Moim zdaniem w10 ma już za dużo dziur, złapałeś jakiegoś „wirusa” bo ddos to raczej nie był, dlatego zalecana jest instalacja w11 nawet bez TPM

Świetny żart.
Z tego co wiem to producent jest innego zdania a to on mimo wszystko wie najlepiej co w tej „trawie piszczy”.
Co do ilości dziur to ich ilośc można oceniać tylko po liczbie aktualizacji dotyczacych 0-day systemu.
Sprawdź czy jest jakaś róznica miedzy oboma systemami.

Po włączeniu kompa zobaczyłem komunikat: Nie możemy zalogować się na twoje konto Windows 10
Z tego artkułu dowiedziałem się że prawdopodobnie winowajcą jest antywirus avast - używam od lat. Również powyższy artykuł opisuje mój problem niemal identycznie - z kilkoma wyjątkami.

Zamieszczam też logi z FRST
Addition.txt (76,4 KB)
FRST.txt (53,4 KB)
Shortcut.txt (63,4 KB)

Jakiś plik naprawczy by sie przydał ale on raczej posprzata niż naprawi.
Logi w Addition pokazuja ze faktycznie straciłes dostęp do swojego profilu.
Mozesz próbować metod które sa w linku który podałes ale moze zacznij od tego.

Zwróć uwagę na Get Help

Dzięki, jeżeli nie teraz, to może na przyszłość się przyda, o ile to się znowu powtórzy.

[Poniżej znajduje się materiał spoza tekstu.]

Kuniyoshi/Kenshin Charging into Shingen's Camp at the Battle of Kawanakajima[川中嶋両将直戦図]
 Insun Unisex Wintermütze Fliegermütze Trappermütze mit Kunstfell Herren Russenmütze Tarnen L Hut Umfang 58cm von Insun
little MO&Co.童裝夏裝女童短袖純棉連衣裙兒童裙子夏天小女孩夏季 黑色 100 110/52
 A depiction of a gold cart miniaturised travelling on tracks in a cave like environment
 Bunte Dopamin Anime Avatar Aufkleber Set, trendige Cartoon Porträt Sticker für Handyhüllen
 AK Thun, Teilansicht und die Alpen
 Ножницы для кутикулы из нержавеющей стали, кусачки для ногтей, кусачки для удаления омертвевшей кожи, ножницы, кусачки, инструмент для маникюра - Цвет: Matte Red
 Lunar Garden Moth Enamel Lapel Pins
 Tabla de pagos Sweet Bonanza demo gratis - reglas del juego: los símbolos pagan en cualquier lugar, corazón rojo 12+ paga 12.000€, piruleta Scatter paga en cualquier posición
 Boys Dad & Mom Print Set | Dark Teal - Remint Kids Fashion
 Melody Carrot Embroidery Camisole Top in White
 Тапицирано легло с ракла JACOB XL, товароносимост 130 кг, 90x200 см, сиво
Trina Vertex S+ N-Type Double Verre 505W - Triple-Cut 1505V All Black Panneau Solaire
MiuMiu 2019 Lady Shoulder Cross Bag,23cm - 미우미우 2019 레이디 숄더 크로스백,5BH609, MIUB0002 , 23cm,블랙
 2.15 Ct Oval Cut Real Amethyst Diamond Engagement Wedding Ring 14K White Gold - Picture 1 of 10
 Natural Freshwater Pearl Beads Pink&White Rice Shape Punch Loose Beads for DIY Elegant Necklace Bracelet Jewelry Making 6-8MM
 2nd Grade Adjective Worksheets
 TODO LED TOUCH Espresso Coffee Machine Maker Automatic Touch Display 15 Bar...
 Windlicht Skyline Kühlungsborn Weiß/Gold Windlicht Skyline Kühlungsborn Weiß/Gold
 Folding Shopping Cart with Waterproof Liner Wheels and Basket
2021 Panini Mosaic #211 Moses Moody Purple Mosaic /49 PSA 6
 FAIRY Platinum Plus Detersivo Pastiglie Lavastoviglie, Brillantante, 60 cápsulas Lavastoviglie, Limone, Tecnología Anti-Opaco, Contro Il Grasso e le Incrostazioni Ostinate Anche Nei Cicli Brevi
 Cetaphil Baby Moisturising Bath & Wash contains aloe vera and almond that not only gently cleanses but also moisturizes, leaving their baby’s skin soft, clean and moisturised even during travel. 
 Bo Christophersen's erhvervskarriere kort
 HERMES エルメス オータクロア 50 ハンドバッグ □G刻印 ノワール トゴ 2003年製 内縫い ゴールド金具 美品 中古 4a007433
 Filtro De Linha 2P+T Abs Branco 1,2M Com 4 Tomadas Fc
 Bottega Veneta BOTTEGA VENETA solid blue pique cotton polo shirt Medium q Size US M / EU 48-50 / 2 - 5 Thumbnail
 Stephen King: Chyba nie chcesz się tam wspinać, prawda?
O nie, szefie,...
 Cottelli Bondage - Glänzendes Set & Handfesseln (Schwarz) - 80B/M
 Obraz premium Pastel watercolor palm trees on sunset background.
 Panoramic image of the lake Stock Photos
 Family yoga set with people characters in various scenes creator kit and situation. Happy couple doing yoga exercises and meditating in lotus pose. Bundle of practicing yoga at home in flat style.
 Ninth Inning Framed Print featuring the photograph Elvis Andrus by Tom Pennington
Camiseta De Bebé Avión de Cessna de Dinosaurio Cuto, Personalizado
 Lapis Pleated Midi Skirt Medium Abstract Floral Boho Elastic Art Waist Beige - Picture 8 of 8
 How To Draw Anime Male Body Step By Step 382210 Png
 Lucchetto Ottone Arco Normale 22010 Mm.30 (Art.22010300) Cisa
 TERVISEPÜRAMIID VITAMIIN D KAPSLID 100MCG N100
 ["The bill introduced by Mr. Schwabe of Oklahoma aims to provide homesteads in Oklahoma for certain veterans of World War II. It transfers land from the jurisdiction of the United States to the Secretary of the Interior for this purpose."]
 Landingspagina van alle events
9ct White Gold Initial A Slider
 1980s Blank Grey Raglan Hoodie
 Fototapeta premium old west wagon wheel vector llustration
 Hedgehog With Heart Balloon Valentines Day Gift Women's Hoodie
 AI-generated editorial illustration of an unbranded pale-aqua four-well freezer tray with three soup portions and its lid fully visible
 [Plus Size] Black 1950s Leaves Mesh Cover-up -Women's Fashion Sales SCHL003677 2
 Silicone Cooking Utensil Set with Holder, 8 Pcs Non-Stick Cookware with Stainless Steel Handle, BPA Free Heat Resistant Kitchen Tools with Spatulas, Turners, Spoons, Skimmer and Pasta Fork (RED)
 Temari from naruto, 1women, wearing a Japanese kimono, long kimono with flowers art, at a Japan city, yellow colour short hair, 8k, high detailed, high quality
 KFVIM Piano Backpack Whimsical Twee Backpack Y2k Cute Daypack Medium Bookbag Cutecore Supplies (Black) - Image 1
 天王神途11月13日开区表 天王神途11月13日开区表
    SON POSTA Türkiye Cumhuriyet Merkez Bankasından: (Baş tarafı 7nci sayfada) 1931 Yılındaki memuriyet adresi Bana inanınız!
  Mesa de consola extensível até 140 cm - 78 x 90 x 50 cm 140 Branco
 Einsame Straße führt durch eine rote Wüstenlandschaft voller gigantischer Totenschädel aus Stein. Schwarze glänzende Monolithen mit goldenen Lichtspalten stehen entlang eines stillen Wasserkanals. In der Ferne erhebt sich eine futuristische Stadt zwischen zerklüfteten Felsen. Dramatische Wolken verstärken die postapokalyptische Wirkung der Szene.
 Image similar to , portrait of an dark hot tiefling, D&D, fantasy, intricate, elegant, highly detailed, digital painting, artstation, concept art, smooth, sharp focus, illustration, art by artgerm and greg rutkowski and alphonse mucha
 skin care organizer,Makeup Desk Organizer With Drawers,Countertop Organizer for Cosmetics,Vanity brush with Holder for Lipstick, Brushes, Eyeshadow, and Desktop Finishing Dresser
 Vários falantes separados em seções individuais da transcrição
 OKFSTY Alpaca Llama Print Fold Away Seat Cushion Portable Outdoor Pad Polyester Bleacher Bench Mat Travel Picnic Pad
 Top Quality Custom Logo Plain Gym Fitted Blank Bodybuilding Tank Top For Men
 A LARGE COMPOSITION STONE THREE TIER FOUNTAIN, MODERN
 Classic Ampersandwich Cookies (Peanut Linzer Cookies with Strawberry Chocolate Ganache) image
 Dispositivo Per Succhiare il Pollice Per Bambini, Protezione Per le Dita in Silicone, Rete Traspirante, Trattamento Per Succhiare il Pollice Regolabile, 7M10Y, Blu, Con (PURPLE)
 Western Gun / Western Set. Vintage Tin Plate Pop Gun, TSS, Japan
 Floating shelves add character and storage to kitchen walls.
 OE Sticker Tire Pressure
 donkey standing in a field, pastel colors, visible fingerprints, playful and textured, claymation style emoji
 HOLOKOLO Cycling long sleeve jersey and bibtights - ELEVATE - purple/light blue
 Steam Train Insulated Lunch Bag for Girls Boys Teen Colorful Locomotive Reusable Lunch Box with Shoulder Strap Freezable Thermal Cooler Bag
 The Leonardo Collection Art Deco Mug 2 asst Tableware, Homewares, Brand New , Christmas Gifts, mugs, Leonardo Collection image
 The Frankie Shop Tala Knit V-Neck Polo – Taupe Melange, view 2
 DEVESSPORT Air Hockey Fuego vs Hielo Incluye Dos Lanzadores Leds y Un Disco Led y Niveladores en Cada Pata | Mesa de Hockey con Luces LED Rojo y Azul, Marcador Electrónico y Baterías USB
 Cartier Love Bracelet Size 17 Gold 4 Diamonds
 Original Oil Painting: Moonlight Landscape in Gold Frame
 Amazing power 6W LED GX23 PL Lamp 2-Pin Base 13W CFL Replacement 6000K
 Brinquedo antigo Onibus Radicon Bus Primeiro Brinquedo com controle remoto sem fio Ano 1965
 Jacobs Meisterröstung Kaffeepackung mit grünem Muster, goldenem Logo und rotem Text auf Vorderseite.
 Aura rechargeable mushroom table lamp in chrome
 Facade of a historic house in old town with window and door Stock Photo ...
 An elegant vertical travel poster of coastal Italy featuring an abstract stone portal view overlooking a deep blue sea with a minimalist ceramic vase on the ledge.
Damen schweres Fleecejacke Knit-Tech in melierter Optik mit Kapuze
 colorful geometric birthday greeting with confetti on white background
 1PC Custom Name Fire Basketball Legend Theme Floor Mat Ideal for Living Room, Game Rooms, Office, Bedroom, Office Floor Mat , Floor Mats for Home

Mimo wszystko popros kogos kto ma tu uprawnienia do tworzenia fixlist by ci ten bałagan posprzatał.
Nawet jesli sam to potrafisz zrobic. Co dwie głowy to nie jedna.
P.S.
Mam nadzieje ze robisz czesto obraz dysku wiec powrót do normalnosci to tylko pare minut a to co napisałes to wyłacznie ciekawość typu

Niestety ale by na to odpowiedzieć trzeba zaczac grzebanie w systemie od tego

I potem dalej… Sporo cierpliwości potrzeba.